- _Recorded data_

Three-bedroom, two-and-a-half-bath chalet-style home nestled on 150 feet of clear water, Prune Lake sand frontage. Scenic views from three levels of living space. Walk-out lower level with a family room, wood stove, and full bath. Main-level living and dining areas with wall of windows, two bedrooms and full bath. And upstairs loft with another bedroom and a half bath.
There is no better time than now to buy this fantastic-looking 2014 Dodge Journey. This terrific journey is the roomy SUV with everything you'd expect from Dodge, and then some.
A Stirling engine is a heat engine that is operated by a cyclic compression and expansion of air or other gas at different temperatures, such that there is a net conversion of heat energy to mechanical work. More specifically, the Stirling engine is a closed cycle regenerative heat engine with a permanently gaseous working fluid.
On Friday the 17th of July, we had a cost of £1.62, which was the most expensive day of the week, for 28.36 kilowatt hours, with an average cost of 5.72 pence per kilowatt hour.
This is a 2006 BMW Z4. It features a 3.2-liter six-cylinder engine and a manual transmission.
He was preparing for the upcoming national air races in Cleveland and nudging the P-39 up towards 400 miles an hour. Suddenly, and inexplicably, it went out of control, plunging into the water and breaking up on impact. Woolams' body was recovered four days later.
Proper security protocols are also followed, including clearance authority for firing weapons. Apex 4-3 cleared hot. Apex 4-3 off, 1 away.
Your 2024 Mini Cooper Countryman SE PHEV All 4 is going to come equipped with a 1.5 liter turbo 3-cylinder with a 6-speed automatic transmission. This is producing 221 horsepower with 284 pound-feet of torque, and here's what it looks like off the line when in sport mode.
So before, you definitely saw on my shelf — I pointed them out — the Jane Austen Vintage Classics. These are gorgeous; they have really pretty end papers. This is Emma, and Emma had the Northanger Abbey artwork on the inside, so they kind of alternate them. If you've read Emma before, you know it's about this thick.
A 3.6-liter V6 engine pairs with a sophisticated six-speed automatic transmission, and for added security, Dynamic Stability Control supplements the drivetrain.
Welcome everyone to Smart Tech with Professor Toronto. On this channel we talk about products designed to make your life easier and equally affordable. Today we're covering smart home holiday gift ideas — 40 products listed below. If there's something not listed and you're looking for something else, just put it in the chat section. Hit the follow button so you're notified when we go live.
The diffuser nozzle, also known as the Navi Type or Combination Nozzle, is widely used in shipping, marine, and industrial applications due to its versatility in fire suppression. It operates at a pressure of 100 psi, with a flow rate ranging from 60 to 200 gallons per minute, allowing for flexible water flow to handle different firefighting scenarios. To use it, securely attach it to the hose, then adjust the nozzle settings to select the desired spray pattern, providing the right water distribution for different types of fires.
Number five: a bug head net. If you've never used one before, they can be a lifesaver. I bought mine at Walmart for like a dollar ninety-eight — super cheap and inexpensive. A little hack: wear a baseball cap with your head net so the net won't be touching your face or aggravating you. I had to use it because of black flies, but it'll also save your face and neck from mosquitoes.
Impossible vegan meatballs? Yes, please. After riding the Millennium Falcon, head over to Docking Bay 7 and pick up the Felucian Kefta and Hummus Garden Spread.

- _TASK PROMPT_
Pick each line holding the word "different" out of the data and copy it.

- _ANSWER FOR THE TASK_
A Stirling engine is a heat engine that is operated by a cyclic compression and expansion of air or other gas at different temperatures, such that there is a net conversion of heat energy to mechanical work. More specifically, the Stirling engine is a closed cycle regenerative heat engine with a permanently gaseous working fluid.
The diffuser nozzle, also known as the Navi Type or Combination Nozzle, is widely used in shipping, marine, and industrial applications due to its versatility in fire suppression. It operates at a pressure of 100 psi, with a flow rate ranging from 60 to 200 gallons per minute, allowing for flexible water flow to handle different firefighting scenarios. To use it, securely attach it to the hose, then adjust the nozzle settings to select the desired spray pattern, providing the right water distribution for different types of fires.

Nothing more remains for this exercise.